How often do policymakers have to decide where to concentrate poverty-alleviation programs based on limited data? For example, where to roll out cash transfer programs aiming to reach the most vulnerable or chronically poor. New methods are emerging on how to measure poverty, consumption expenditure, and asset wealth from high-resolution satellite imagery that may be able to provide systematic and objective-based measures on where these households are more likely to be found when other data is not available.

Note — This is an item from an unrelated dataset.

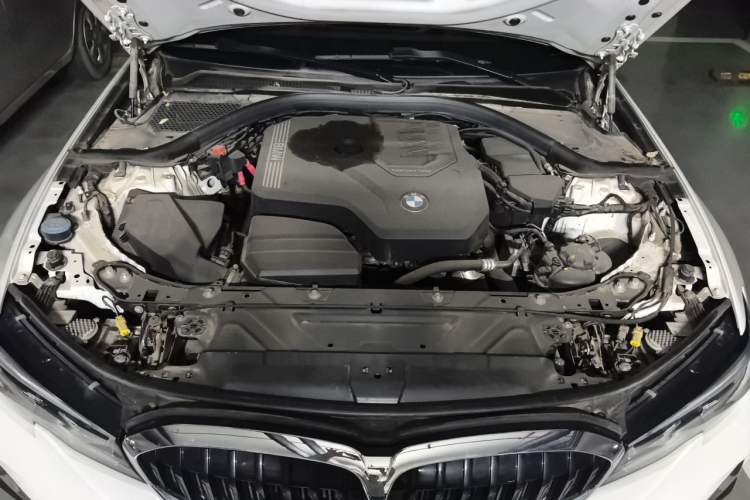 Used BMW 3 Series 2022 320Li M Sport Package Engine Bay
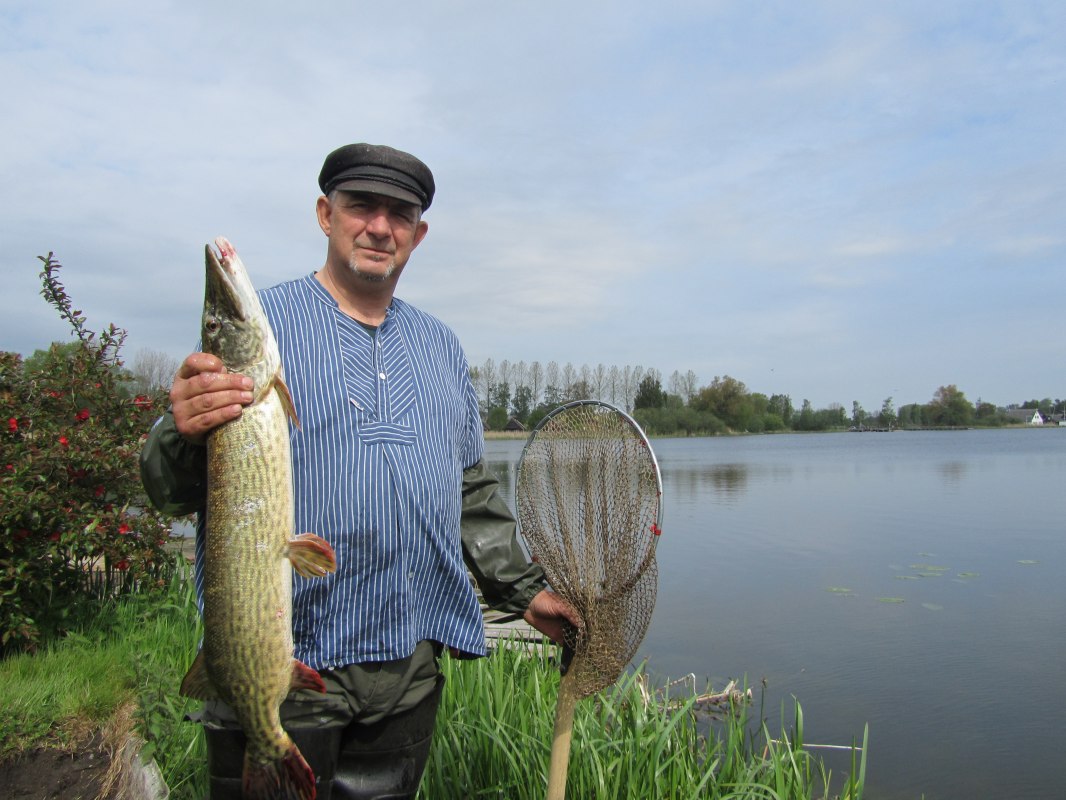 Rybak Jens Düse ze szczupakiem z Teterow, © Jana Koch Rybak Jens Düse ze szczupakiem z Teterow, © Jana Koch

World Bank researchers Jonathon Hersh and David Newhouse together with Ryan Engstrom from George Washington University have been exploring how features—such as buildings, roads, and cars—derived from high spatial resolution satellite images can be helpful in predicting spatial variation in poverty in Sri Lanka. Simultaneously a consortium of researchers at Stanford have also been working on the problem using data on the African countries of Nigeria, Tanzania, Uganda, Malawi, and Rwanda. They recently published their results in Science.
How do they do it?
Each group uses a slightly different methodology. For the Sri Lanka poverty prediction, the researchers first use both machine learning (ML) algorithms and manual digitization to identify features (like number of cars, number and size of buildings, type of farmland, type of building materials, and road extent and material) and combine this with a series of textural and spectral measurements that detect the levels of contrast and image patterns (like edges and points) within satellite images. The next step is to use a linear model to regress the poverty rates in each administrative area (on average 2.17 square kilometers) on the features and textural measurements for that area, as well as a series of controls (like size of the area). This approach explains about 60 percent of the variation in the estimated share of the population in the bottom 40th percentile of the national income distribution. When the out-of-sample performance of the model is considered through cross-validation, they obtain an error rate of 33 percent at the 40th percentile poverty metric.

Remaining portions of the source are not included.